By Shlomo Cesana, ISRAEL HAYOM
Prime Minister Benjamin Netanyahu is promoting a bill that would prohibit activity by the V15 organization in the next Knesset election. The bill is the brainchild of MK Yoav Kisch and is designed to address foreign-funded groups that attempt to influence the outcome of Israeli elections by treating them as organizations that are subject to the restrictions of the Campaign Finance Law. A loophole in the current law gives groups like V15 a free hand.

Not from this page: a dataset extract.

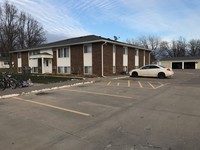 201 9th Ave in Durant, IA - Foto de edificio - Building Photo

The legislation says that “according to the existing law, promotional activity in an election that is not tied to a [specific] party but contribute to one party or political bloc is not subject to the restrictions that apply to parties, even if its purpose is very similar or identical — to influence the election results. So there’s a ‘back door’ around the instructions laid out in law.”
Netanyahu decided to expedite the approval of the bill after the publication of a bilateral Senate committee report, which confirmed that a U.S. State Department grant, which had been earmarked to foster peace between Israel and the Palestinians, had been used by the V15 movement, which wanted to cause Likud party head Netanyahu to lose the 2015 election. Most Israeli media outlets, in contrast to Israel Hayom, chose to ignore the Senate committee’s findings, as they did reports on the matter during the election itself a year and a half ago.
Kisch was slated to attend the weekly meeting of coalition faction leaders on Sunday and present them with his bill. At the meeting, Netanyahu was expected to receive approval by the heads of Kulanu (Moshe Kahlon), Shas (Aryeh Deri), United Torah Judaism (Yakov Litzman), Habayit Hayehudi (Naftali Bennett), and Yisrael Beytenu (Avigdor Lieberman) to fast-track the bill through the Knesset reading process.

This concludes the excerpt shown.